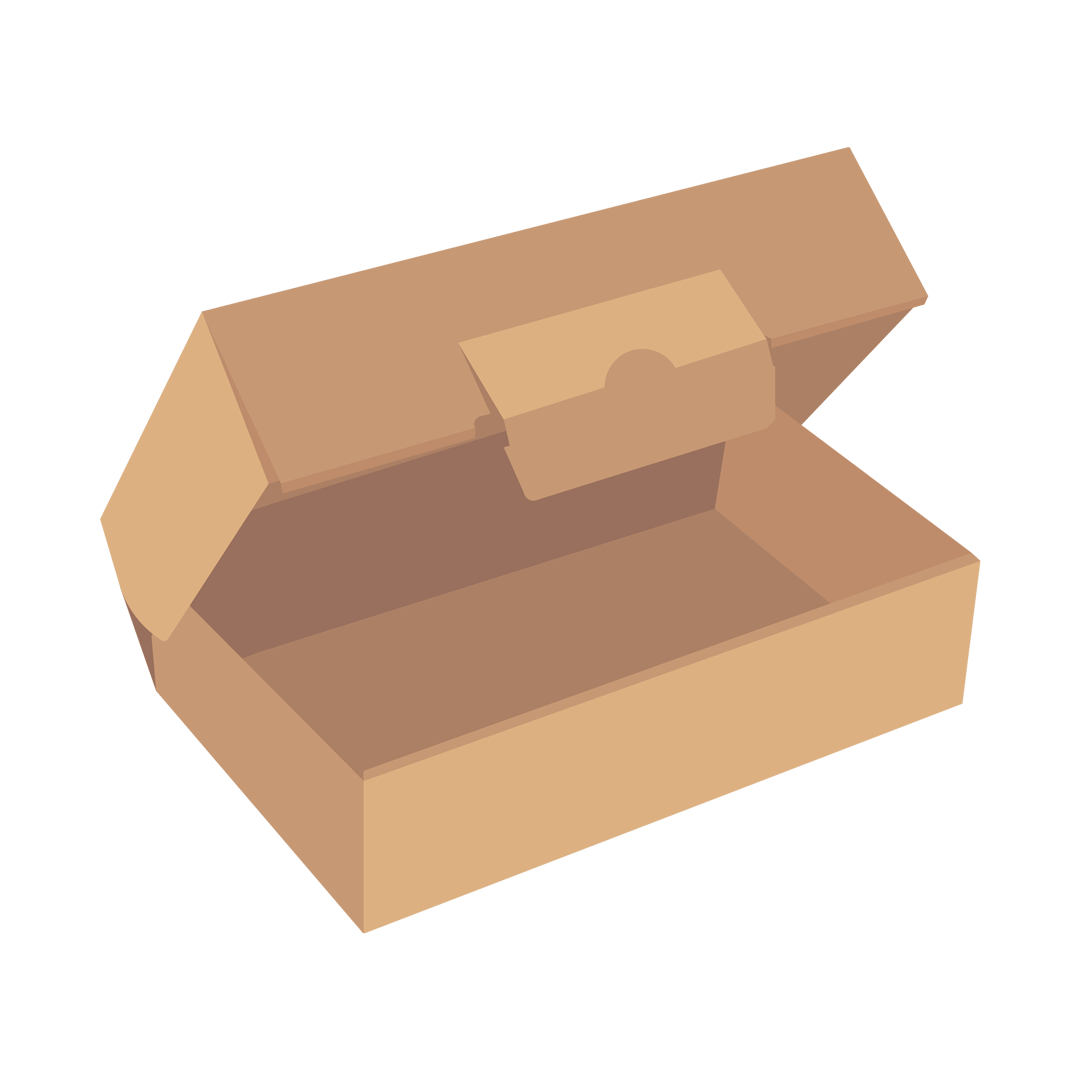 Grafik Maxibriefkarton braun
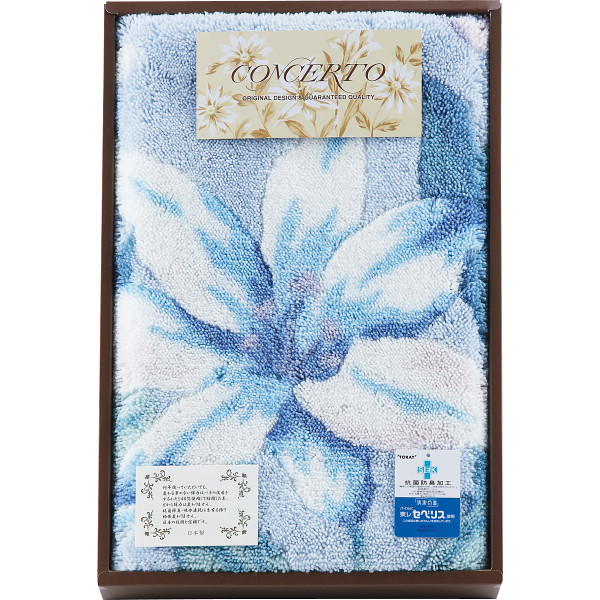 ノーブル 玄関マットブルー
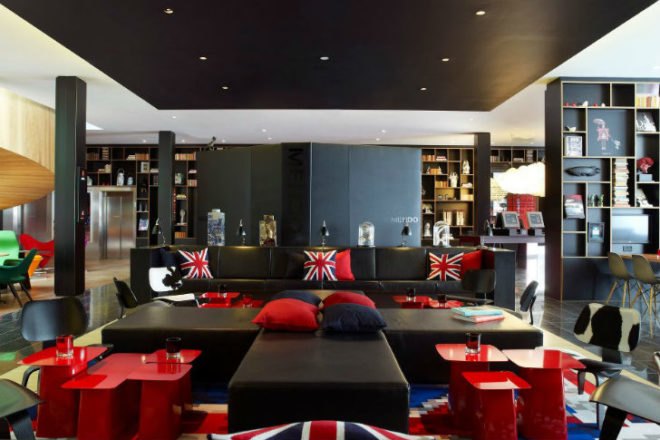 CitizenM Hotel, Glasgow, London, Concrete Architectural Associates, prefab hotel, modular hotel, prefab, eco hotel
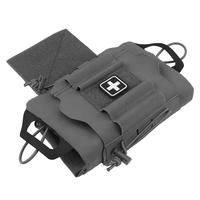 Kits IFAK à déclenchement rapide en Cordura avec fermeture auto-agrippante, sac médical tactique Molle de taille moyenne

→ WHAT IS REQUIRED
Leave the pictures aside. Set down exactly the lines from the one with "CitizenM Hotel, Glasgow, London, Concrete" through the final line of the listing above.

→ EXERCISE ANSWER
 CitizenM Hotel, Glasgow, London, Concrete Architectural Associates, prefab hotel, modular hotel, prefab, eco hotel
 Kits IFAK à déclenchement rapide en Cordura avec fermeture auto-agrippante, sac médical tactique Molle de taille moyenne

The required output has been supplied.